Deputy Chief of Mission Hyland Remarks at the International Girls in ICT Day, April 28, 2017
Good morning. It’s really a privilege to be here and address a topic I care so deeply about.
Today Kosovo joins countries around the world in encouraging the inclusion of women and girls in ICT studies and career fields. This is a timely and urgent issue in the U.S., just like here in Kosovo.
We know that, all too often girls are steered away from math and engineering and the so-called hard sciences, not because they lack the aptitude or the desire, but simply due to their gender.
It may not always be a deliberate act of discrimination, but in the end, the effect is just the same. Not just in preventing girls from entering into these fields, but in sending them the message that some things are simply off limits. It shrinks their universe of opportunities during a time in their lives when imagination and aspiration should be limitless.
This dampens the confidence needed for exploration and the courage to take a risk and try something unfamiliar, even something you might get wrong.
And so today is in part about showing girls all across Kosovo and around the world that every path is open to them, that nothing is beyond their reach.
A couple weeks ago, several of my colleagues visited the extraordinary Bonevet maker-space in Gjakova. And Vllaznim, I hope you don’t mind me quoting you!
You told my colleagues: “the end goal isn’t to produce more engineers…the true objective is to help those kids discover their own abilities.”
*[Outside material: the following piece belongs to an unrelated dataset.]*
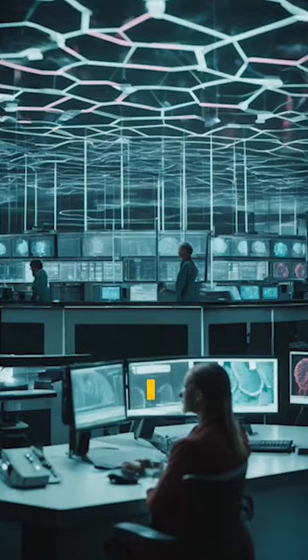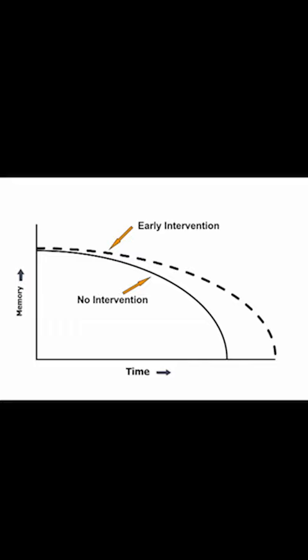We can plot memory versus time, and we can see that the brain goes downhill if we do nothing to protect it. If we can intervene early, then we can slow down the process. Unfortunately, today we do too little too late. But it's easier to protect a healthy brain than to try to repair damage once it becomes extensive.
That’s a really powerful notion, because kids pick up so easily on the signals we send them about what we believe that they’re capable of. It’s so important that we not only create opportunities for girls to see what they can do, but that we insist upon it.
This year for the very first time, Kosovois sending two representatives to the U.S. for the Fortune-State Department’s Global Women’s Mentorship Program. Two truly impressive women, one of whom, Hana Qerimi, is the co-founder of the Digital School in Kosovo. And of course her co-founder Darsej Riza is here today as well.
When Hana and Darsej started the school, they of course made it available to both boys and girls…buttoo often the girls didn’t come – because their parents didn’t send them.
Hana told us they had to lobby and persuade. They made including girls a fundamental part of the school’s In short, they insisted.
She’s a true role model for what women can accomplish in ICT careers, and for how they can mentor and encourage others.
At the Embassy and USAID, we’re committed to being full partners in this effort as well. We’ve joined forces with local ICT companies to expand their operations, and we’re fostering the sustainability of ICT companies to recruit, train, and promote women.
Through initiatives like USAID’s Women in Online Work program, we’re finding new ways to encourage girls and women to pursue opportunities in science, technology, engineering, and math.
Because there are economic implications as well: projections around the world show a continuing shortfall of qualified ICT workers. In a country with high youth unemployment and with women underrepresented in the workforce, it would be madness not to capitalize on the demand for skilled ICT labor.
There’s so much more to be done. And it’ll take more than policy initiatives to get there.
It’s about parents and teachers and school directors ensuring that all kids have the opportunity to study whatever they choose.
It’s about men and women in ICT fields giving their time to be mentors and advocates, and sharing their own experiences – even their setbacks – with girls taking their first steps down this path.
And critically, it’s about all of us making sure our kids know that it’s good a good thing to push themselves, to be problem solvers, and to even fail at times while taking worthwhile risks. That failure is a teacher and an opportunity, and no reason to be ashamed.
I was talking to a colleague of mine who works in our Embassy’s IT section about her experiences in the State Department and as a math teacher before that. She said: the hardest thing is often just being the only woman in the room, knowing that your abilities will be questioned just because of your gender.
We’ve all got to do better than that, and I’m so pleased to see Kosovo recognize this issue as a priority as well.
So let’s keep working together to ensure that all paths are open to Kosovo’s daughters, and that every girl in Kosovo benefits from the entire universe of possibilities.